The project’s structural intelligence resides in its articulation of five interwoven orders—plastic, socioplastic, filmic, exhibitory, and relational—which collectively expand drawing beyond its conventional medial sovereignty. The plastic order, grounded in the action and pulsion of the mark, affirms form as self-differentiating process: unpredictable in its long-term contour, yet rigorously coherent in its immediate progression. Here, form is not composed but grown, its intelligibility emerging from serial continuity rather than compositional hierarchy. The socioplastic order radicalises this logic by instrumentalising the detritus of everyday graphic production as substrate. In doing so, Lloveras collapses the distinction between authorial mark and pre-existing graphic labour, integrating the anonymous designers, clerks, and printers of late capitalism into the genealogy of the drawing. The support becomes co-author. This gesture resonates with post-minimalist and arte povera strategies, yet it operates less as critique than as ontological recalibration: the drawing is no longer an autonomous aesthetic unit but a composite of social time, industrial memory, and embodied impulse. Serial accumulation here is not quantitative excess but epistemic strategy, enabling the project to constitute itself as a new expressive form precisely through scale.

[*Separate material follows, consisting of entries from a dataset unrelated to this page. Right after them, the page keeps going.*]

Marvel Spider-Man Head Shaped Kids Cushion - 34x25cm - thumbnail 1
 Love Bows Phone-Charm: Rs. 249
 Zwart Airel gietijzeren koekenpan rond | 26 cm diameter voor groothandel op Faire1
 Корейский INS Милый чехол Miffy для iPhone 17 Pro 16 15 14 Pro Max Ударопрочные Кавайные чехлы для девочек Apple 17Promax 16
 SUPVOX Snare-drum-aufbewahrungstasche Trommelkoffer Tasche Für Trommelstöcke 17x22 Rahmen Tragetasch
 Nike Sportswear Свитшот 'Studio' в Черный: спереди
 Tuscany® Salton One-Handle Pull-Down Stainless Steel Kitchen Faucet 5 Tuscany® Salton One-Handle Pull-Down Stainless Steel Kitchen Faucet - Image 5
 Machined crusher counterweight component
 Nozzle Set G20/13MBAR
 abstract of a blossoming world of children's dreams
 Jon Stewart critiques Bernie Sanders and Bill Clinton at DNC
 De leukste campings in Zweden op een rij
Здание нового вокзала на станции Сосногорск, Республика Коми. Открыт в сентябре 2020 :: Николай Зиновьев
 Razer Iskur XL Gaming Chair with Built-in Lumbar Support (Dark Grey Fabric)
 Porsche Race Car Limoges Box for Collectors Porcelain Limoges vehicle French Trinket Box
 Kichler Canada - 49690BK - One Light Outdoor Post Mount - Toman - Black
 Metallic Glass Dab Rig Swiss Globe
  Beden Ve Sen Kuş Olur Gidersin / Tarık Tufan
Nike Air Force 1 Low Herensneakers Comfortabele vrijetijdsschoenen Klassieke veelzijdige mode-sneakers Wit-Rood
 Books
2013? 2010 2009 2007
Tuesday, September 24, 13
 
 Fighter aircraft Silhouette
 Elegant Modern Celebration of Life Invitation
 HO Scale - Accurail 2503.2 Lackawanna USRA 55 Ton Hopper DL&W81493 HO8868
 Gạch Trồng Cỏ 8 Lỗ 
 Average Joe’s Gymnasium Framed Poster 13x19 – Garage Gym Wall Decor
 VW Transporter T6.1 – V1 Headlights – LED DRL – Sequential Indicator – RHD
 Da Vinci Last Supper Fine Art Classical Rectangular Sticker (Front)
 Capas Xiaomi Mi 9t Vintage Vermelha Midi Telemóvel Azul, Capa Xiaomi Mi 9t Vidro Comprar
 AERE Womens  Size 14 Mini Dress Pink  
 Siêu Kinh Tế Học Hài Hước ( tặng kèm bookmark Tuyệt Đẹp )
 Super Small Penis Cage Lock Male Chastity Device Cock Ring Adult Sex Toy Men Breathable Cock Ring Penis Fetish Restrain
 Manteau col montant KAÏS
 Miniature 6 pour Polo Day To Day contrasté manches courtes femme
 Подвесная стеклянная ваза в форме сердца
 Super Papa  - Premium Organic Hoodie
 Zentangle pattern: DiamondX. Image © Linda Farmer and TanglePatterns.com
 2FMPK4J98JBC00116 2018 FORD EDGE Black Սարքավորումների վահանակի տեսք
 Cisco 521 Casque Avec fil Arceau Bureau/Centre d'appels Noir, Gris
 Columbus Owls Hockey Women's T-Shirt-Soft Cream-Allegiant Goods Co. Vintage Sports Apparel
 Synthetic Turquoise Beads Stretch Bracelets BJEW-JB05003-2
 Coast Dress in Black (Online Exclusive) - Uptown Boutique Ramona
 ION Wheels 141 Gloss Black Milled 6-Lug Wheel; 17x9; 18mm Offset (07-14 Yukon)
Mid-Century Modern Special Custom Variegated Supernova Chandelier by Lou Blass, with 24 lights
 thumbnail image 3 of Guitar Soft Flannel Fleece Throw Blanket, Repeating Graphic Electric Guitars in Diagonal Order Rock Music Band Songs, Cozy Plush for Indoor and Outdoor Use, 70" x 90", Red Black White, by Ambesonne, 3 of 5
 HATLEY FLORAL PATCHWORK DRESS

The filmic order marks the project’s most decisive epistemological rupture. By assembling thousands of drawings into audiovisual sequences at sixteen frames per second, Lloveras elevates static marks into image-time and sound, converting archive into movement and movement into narrative. The resulting videos—accompanied by poetic-theoretical-musical soundtracks—operate as hyperplastic containers that synthesise vast material densities into single, distributable files. In this translation, drawing becomes cinema, and cinema becomes archive. Crucially, the dissemination of these works through YouTube collapses the exclusivity of art and inserts Fuegos into the circuits of popular culture. This gesture is neither populist nor naïvely democratic; it is infrastructural. It acknowledges that contemporary visibility and symbolic value are no longer generated primarily within museums but within algorithmic agoras. By situating video-art within the world’s most massified platform, Lloveras performs a pragmatic reterritorialisation of artistic distribution. The filmic order thus functions as both aesthetic condensation and political strategy, reconfiguring the relation between artistic labour, public access, and cultural legitimacy. In this sense, Fuegos operates as a form of counter-archival practice: an archive that refuses immobility, monumentalisation, and institutional sequestration.
The exhibitory and relational orders complete the project’s expansion into a full socioplastic ecology. The exhibition of mutable horizontal accumulations—daily reconfigured, site-responsive, and resistant to fixity—redefines the exhibition as a living archive rather than a stabilised display. The original drawings, vacuum-packed into “ingots” of one thousand sheets, function as symbolic guarantors of value, while their digital reproductions circulate as the project’s true public interface. Here, Lloveras stages a lucid inversion of Benjaminian aura: symbolic value resides not in the visible original but in its publicity and circulation, echoing Bourdieu’s theory of symbolic capital and José Luis Pardo’s philosophy of publicity. Ownership is displaced from the optical to the documentary. The relational order further embeds the work in networks of hyperlinks, collaborations, and digital dissemination, transforming each fragment into a potential node of propagation. Fuegos thus resists the fetish of the masterpiece, privileging seriality, access, and process over singular virtuosity. Drawing becomes archive, performance, network, and memory—a form that perpetually represents itself. In doing so, Lloveras proposes a radically contemporary ontology of art: not as object, not as discourse, but as infrastructural pulse, endlessly reproducing its own conditions of visibility and meaning.